> **What the task asks**
Only the pictures are to be left out; the listing itself is repeated exactly.

> **Dataset excerpt**

- - - - - - -

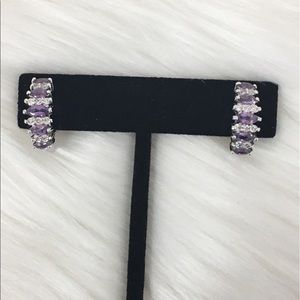 Vintage Amethyst and Crystal Earrings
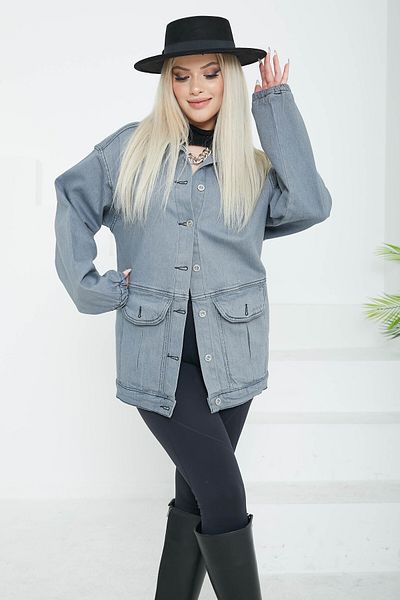 TOFİSA Jachetă de blugi oversize pentru femei, gri - 26578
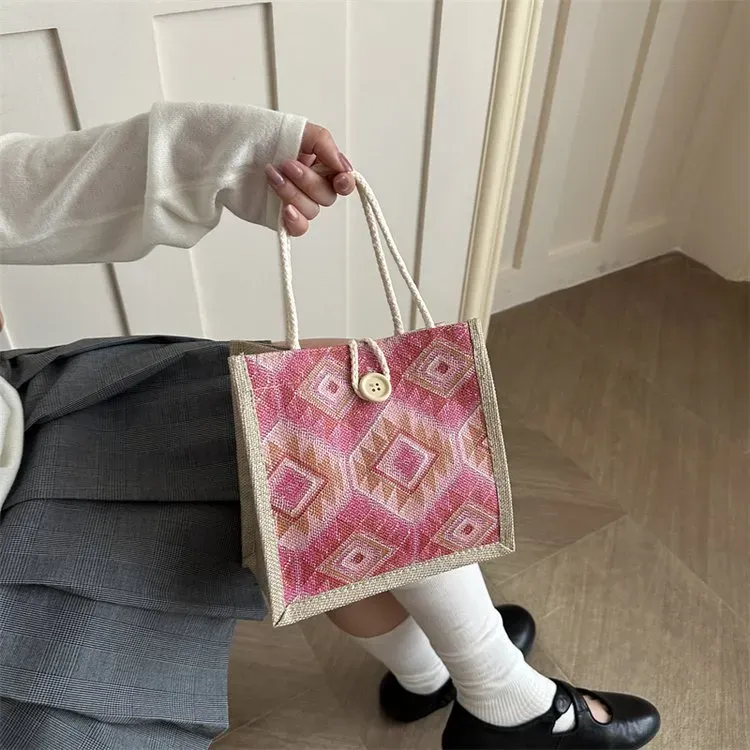Tas Selempang Wanita Bahan Oxford Motif Geometris Warna Merah Bentuk Kotak Tali Grosir Import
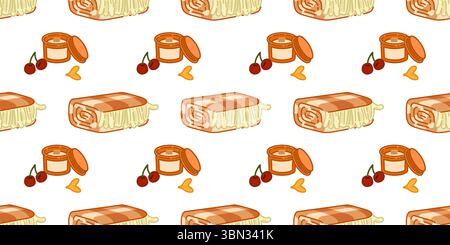 Seamless Blanket Candle Pattern. Seamless pattern with cozy blankets, candles, cherries and leaves in flat cartoon style. Warm autumn design on white Stock Vector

- - - - - - -

> **Written answer**
 Vintage Amethyst and Crystal Earrings
 TOFİSA Jachetă de blugi oversize pentru femei, gri - 26578
Tas Selempang Wanita Bahan Oxford Motif Geometris Warna Merah Bentuk Kotak Tali Grosir Import
 Seamless Blanket Candle Pattern. Seamless pattern with cozy blankets, candles, cherries and leaves in flat cartoon style. Warm autumn design on white Stock Vector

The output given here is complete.